1. A method for specifically expressing a target gene in actively dividing young tissues and aging tissues in plants, the method comprising:

providing a gene expression cassette having: a promoter capable of activating expression in plants, the promoter comprising the nucleotide sequence as shown in SEQ ID NO: 3; and the target gene comprising a polynucleotide sequence of interest, wherein said target gene is operably linked to the 3′ terminal of said promoter of said gene expression cassette;

transforming said plant or parts of organ, tissue, or cell of said plant to contain said gene expression cassette such that said promoter specifically expresses said target gene in the actively dividing young tissues and aging tissues in said plant or said parts of organ, tissue, or cell of said plant;

said actively dividing young tissues including a meristem region in vegetative stage and reproductive stage, and a stem and bud as the inflorescence develops, and;

said aging tissues including inflorescence offshoots in reproductive stage, bud, auxiliary bud, receptacles and part of pedicels, abscission layer involved in the aging and falling off of flowers in reproductive stage, and abscission layer involved in the falling off of siliques.

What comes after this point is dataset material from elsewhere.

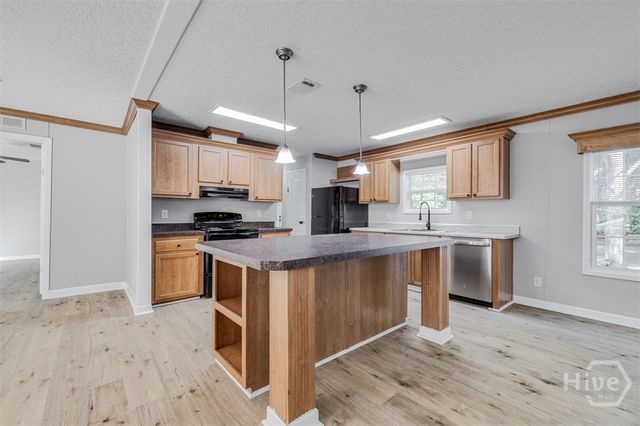 3290 Eldora Road, Ellabell, GA 31308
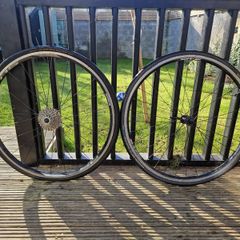 Road bike wheels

2. The method as recited in claim 1, further comprising constructing said promoter into a gene expression vector.

3. A plant, parts of organ or tissue, or cell of said plant that has been transformed to contain said gene expression cassette as recited in claim 1.

4. A method for specifically expressing a target gene in the actively dividing young tissues and aging tissues in plants, the method comprising:

constructing a gene expression cassette into a gene expression vector, said gene expression cassette comprising:

a promoter consisting of the nucleic acid sequence of SEQ ID NO:3; and

a target gene comprising a polynucleotide sequence of interest, wherein said target gene is operably linked to the 3′ terminal of said promoter in said gene expression cassette; and

transforming said gene expression vector into a plant or parts of organ, tissue, or cell of said plant, and said promoter specifically expressing said target gene in the actively dividing young tissues and aging tissues in said plant or parts of organ, tissue, or cell of said plant, said actively dividing young tissues including a meristem region in vegetative stage and reproductive stage, and a stem and bud as the inflorescence develops, and said aging tissues including inflorescence offshoots in reproductive stage, bud, auxiliary bud, receptacles and part of pedicels, abscission layer involved in the aging and falling off of flowers in reproductive stage, and abscission layer involved in the falling off of siliques.

5. A plant, parts of organ or tissue, or cell of said plant that has been obtained by the method as recited in claim 4.